Dalam percakapan dengan seorang teman, ia menilai orang Indonesia mengalami Jonah Complex. Dalam bahasa sederhananya, fear of greatness. Kita takut untuk menjadi hebat! Edan dan heran, jadi CEO atau komisaris kok tidak suka? Pengamat mengatakan ini bermula dari pola pendidikan di jaman Belanda yang menempatkan masyarakat Indonesia ada di strata sosial terbawah. Ya, penerawangan lewat sejarah memang penting, tetapi lebih penting lagi bagaimana mayarakat tidak terus-terusan inferior.
Saya tidak dapat mengatakan cara terbaik untuk mengatasi ketakutan dan keterkungkungan kita dalam sangkar tak berjeruji, karena keterbatasan saya dalam memberikan solusi. Paling tidak saya selalu mengingatkan pada diri saya sendiri, bahwa saya telah diberikan rahmat untuk tinggal di negeri yang memiliki potensi yang sangat-sangat-begitu-luar biasa-dahsyat-maha-besar, sehingga sudah selayaknya saya optimis karena kita adalah orang yang dititipi oleh-Nya bangsa yang hebat. Saya yakin segala tindakan Tuhan adalah benar, sehingga saya juga harus yakin kita adalah orang yang dapat mengelola bangsa ini dengan baik.
Tidak percaya kita bangsa besar?
Dahulu kala di negeri gemah ripah loh jinawi ini bertahta dua kerajaan besar yang wilayahnya meliputi hingga Siam, pernahkah kita diingatkan untuk bangga akan sejarah itu?

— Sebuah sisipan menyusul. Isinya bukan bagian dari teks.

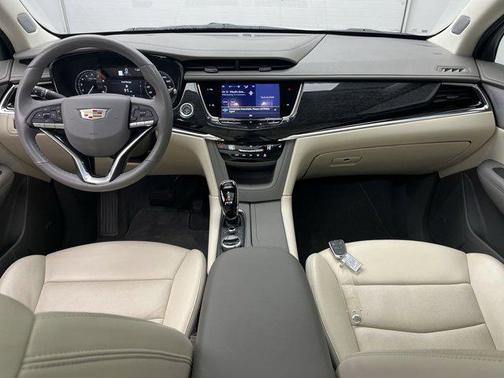 2021 Cadillac XT6 Premium Luxury AWD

Kita juga pernah dikenal sebagai macan Asia, ingatkah Anda akan julukan itu pada bangsa kita? Kita pernah swasembada beras (thou only last for 2 or 3 years), hingga dengan rela memberikan secara gratis ke saudara-saudara kita di Afrika yang kelaparan. Kita adalah negara yang mengajari Malaysia menjadi pintar dengan mengirim guru-guru kita kesana pada tahun 70-an. Indonesia dasawarsa 50-an adalah negara yang dihormati dengan menggagas pertemuan Asia-Afrika yang merupakan cikal bakal Gerakan Non-Blok. Hebatnya lagi, meskipun menurut Bank Dunia 46% penduduk Indonesia terhitung miskin, pernahkah kita dengar adanya penduduk yang mati kelaparan? Tidak, karena Tuhan sudah begitu baiknya untuk meniupkan roh kita pada ragawi yang lahir di tanah yang sangat subur.
Minggu ini, seorang teman saya pergi ke Malaysia untuk mempresentasikan hasil penelitiannya yang notabene mendapatkan penghargaan sebagai skripsi terbaik. Luar biasa! Saya tidak tahu apa yang teman saya rasakan dalam hati, tetapi kebanggaan itu sudah seharusnya ia miliki, mengingat kesempatan yang ia miliki untuk ‘mempopulerkan’ pemikirannya. Wong sebagai temannya saja saya bisa merasa bangga.
Bangga terhadap diri sendiri, saya sikap ini dapat menjadi anak tangga pertama dalam perjalanan menuju Indonesia sejahtera. Meskipun Indonesia saat ini sedang sakit, saya rasa tahap kritisnya sudah lewat. Hal-hal buruk mulai dikikis perlahan-lahan. Jagoan saja biasanya kan kalahan dulu, setelah itu, eng ing eng!! Ciaatt!! Percayalah, Indonesia akan besar, dan rakyatnya tidak boleh takut untuk menjadi besar.